• **Directions**:
Go to the line with "Антикварные часы с" in the records below, then output it and each following line exactly, up to and including the line with "2018 Ford Focus - image 10". Skip pictures and add nothing.

• **Data to use**:
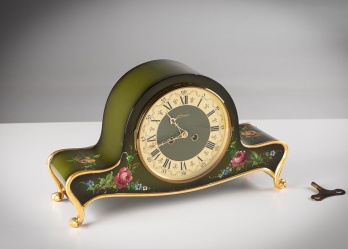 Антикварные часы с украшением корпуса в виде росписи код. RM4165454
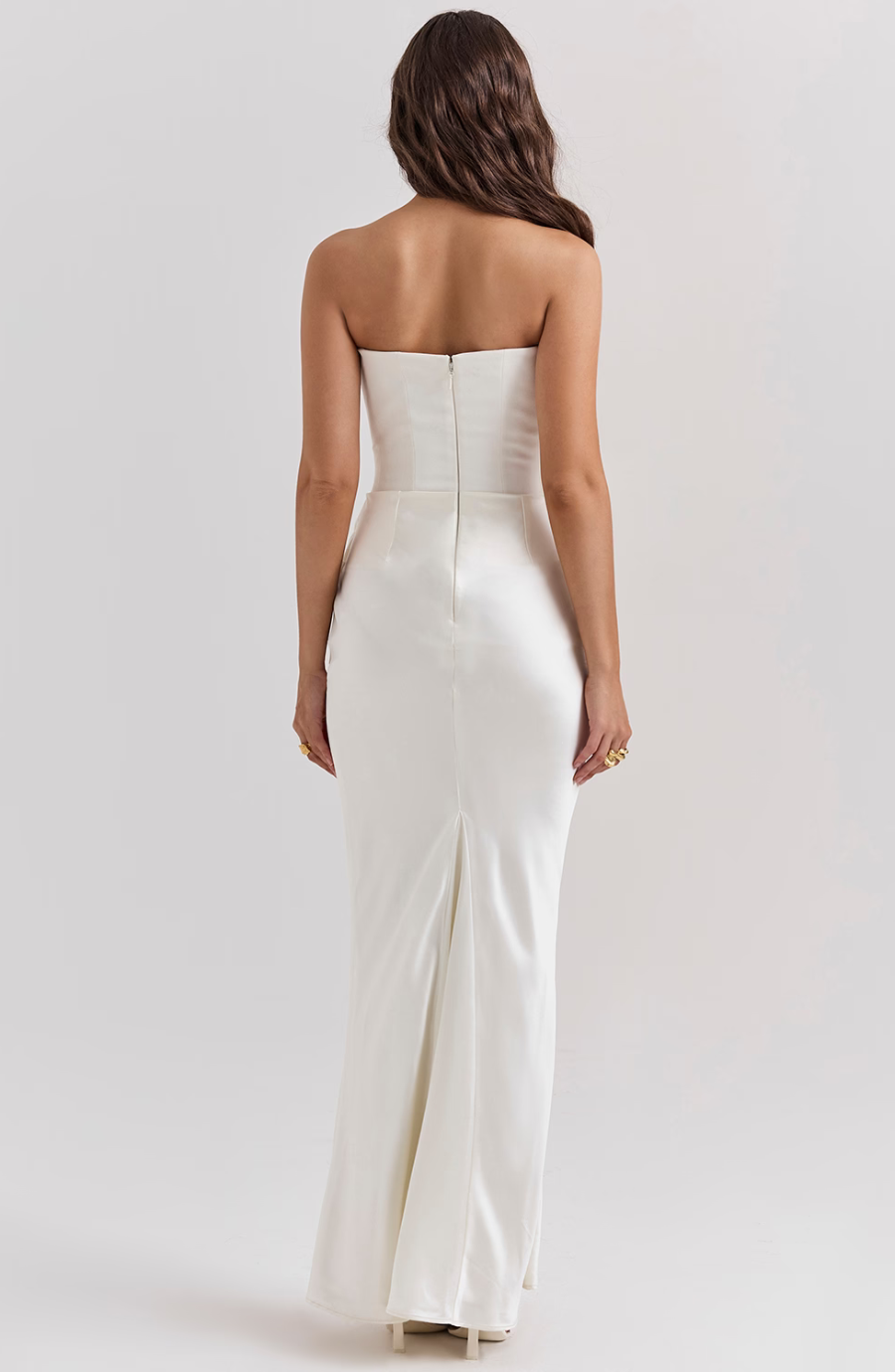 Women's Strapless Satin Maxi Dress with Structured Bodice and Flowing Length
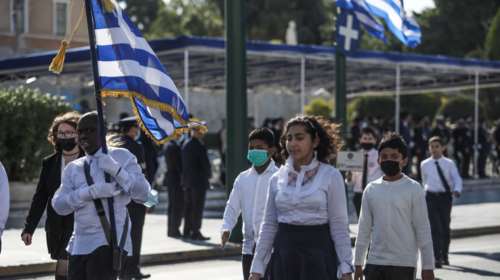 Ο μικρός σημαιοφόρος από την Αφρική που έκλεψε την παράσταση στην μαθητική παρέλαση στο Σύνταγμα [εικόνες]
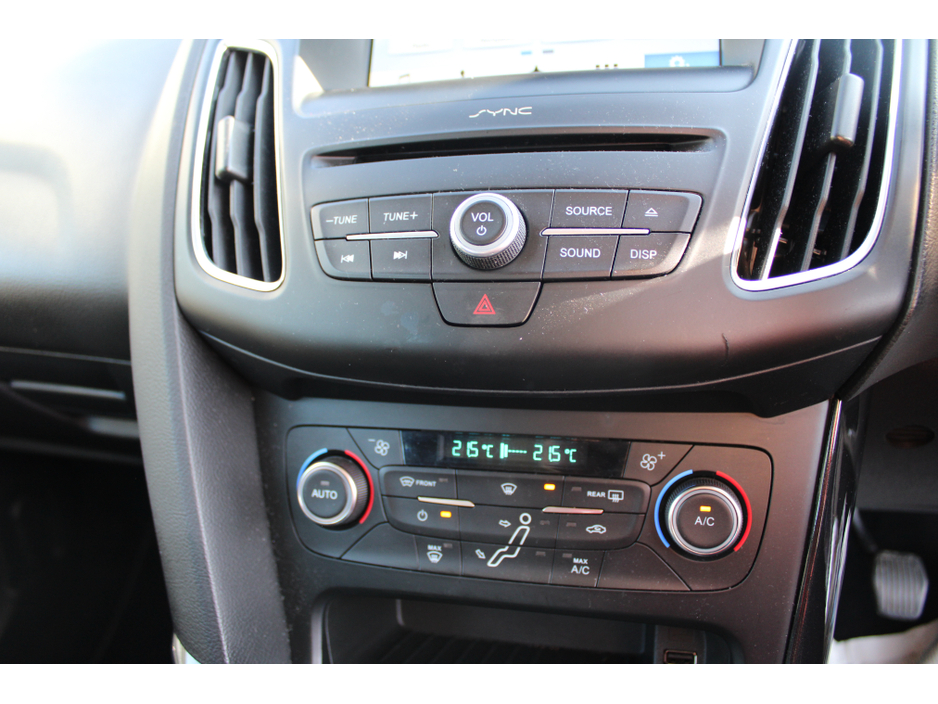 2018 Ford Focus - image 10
---
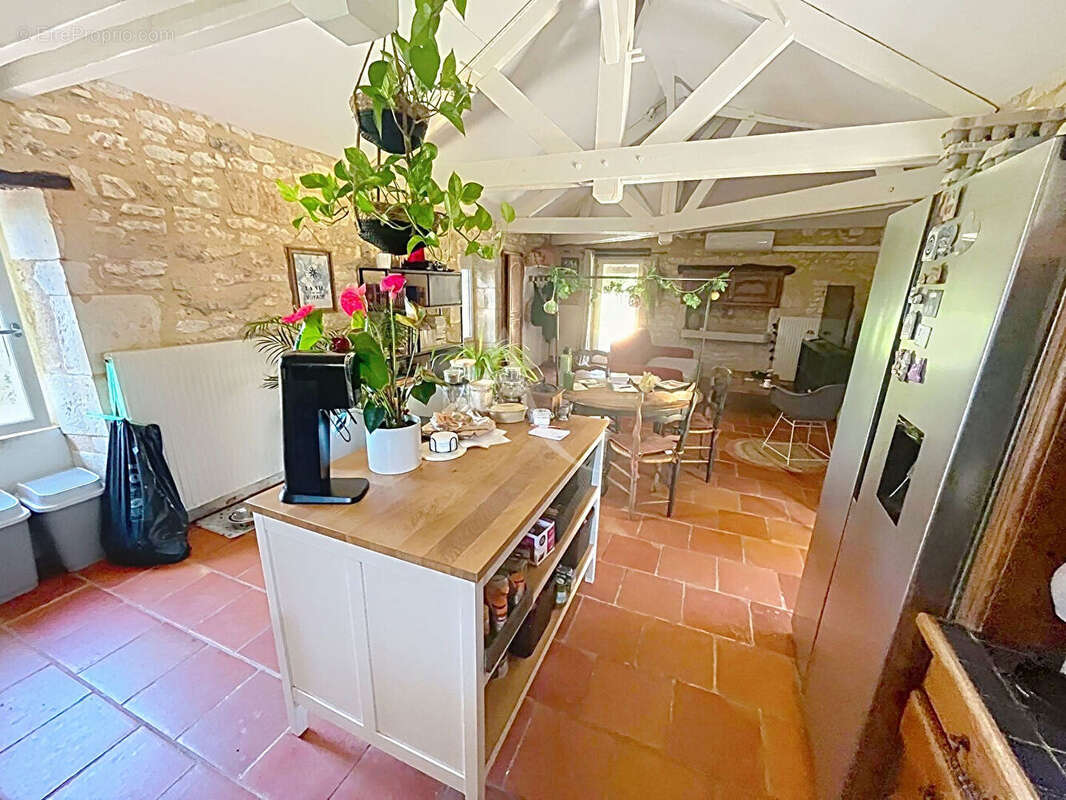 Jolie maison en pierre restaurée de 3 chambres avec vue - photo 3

• **Response**:
 Антикварные часы с украшением корпуса в виде росписи код. RM4165454
 Women's Strapless Satin Maxi Dress with Structured Bodice and Flowing Length
 Ο μικρός σημαιοφόρος από την Αφρική που έκλεψε την παράσταση στην μαθητική παρέλαση στο Σύνταγμα [εικόνες]
 2018 Ford Focus - image 10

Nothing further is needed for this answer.